### [Exercise instructions]
Copy the data exactly. Images are to be left out.

Segment Start: Record extracts

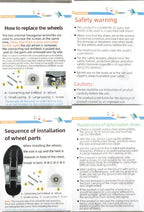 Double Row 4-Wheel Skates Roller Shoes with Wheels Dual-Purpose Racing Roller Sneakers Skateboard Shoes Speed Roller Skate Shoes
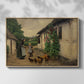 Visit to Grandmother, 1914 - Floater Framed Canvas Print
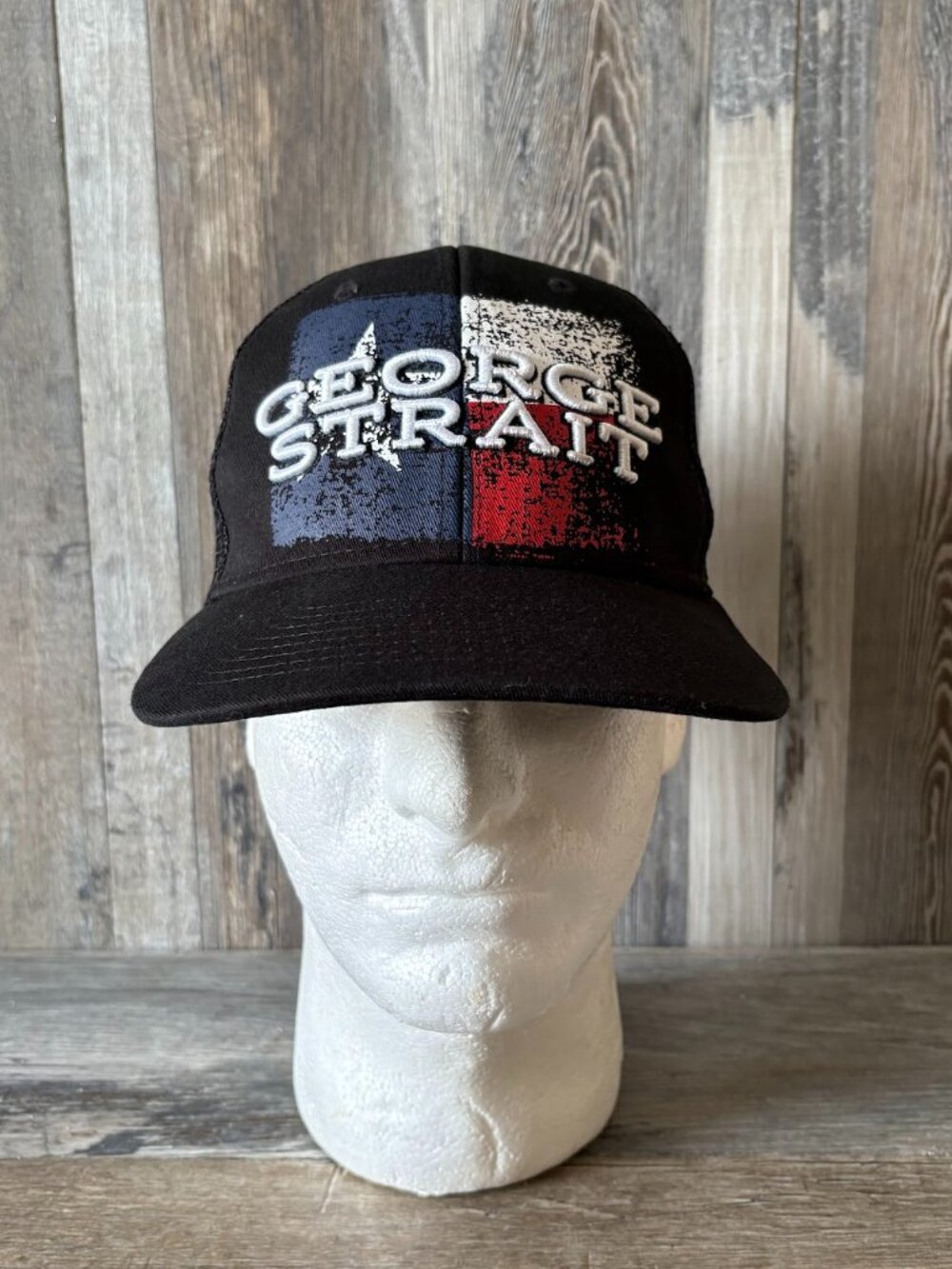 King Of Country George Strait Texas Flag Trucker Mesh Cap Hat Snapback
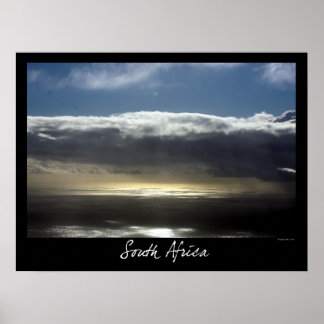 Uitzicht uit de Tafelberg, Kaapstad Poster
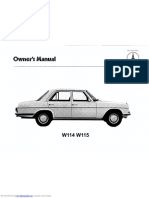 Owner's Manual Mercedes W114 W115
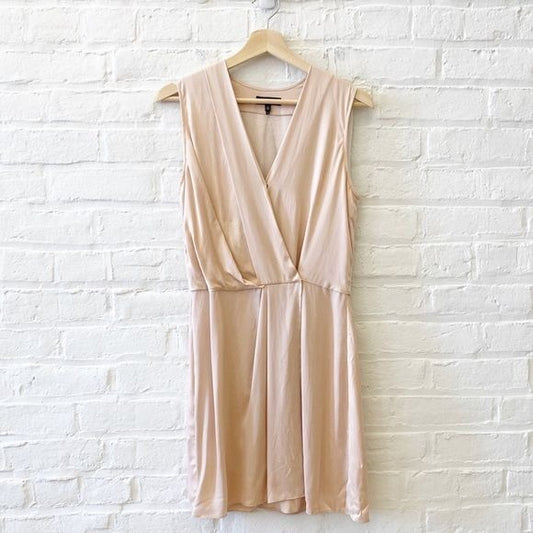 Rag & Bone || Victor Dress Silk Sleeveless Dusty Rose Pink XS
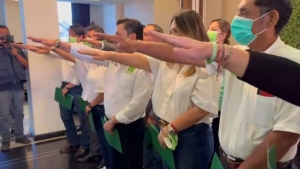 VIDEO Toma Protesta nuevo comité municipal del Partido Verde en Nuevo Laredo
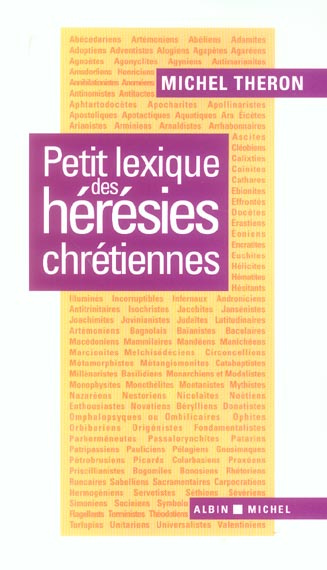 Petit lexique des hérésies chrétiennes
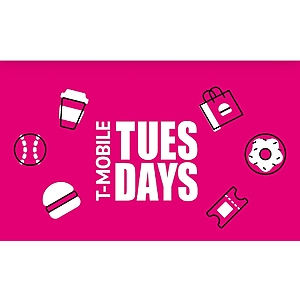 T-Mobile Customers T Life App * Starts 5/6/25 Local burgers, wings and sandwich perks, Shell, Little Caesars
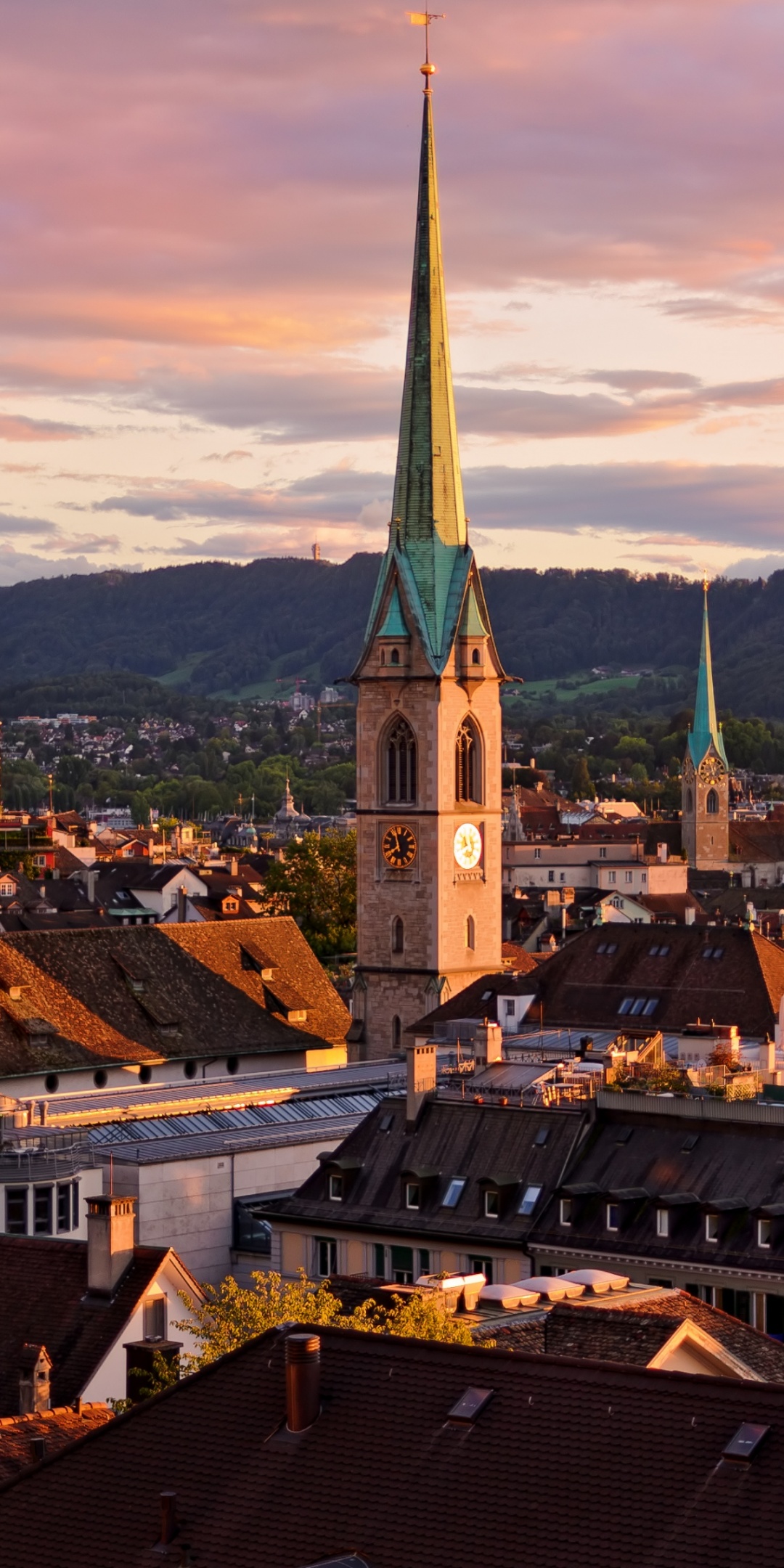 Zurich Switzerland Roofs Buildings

Segment End: Record extracts

### [Response]
 Double Row 4-Wheel Skates Roller Shoes with Wheels Dual-Purpose Racing Roller Sneakers Skateboard Shoes Speed Roller Skate Shoes
 Visit to Grandmother, 1914 - Floater Framed Canvas Print
 King Of Country George Strait Texas Flag Trucker Mesh Cap Hat Snapback
 Uitzicht uit de Tafelberg, Kaapstad Poster
 Owner's Manual Mercedes W114 W115
 Rag & Bone || Victor Dress Silk Sleeveless Dusty Rose Pink XS
 VIDEO Toma Protesta nuevo comité municipal del Partido Verde en Nuevo Laredo
 Petit lexique des hérésies chrétiennes
 T-Mobile Customers T Life App * Starts 5/6/25 Local burgers, wings and sandwich perks, Shell, Little Caesars
 Zurich Switzerland Roofs Buildings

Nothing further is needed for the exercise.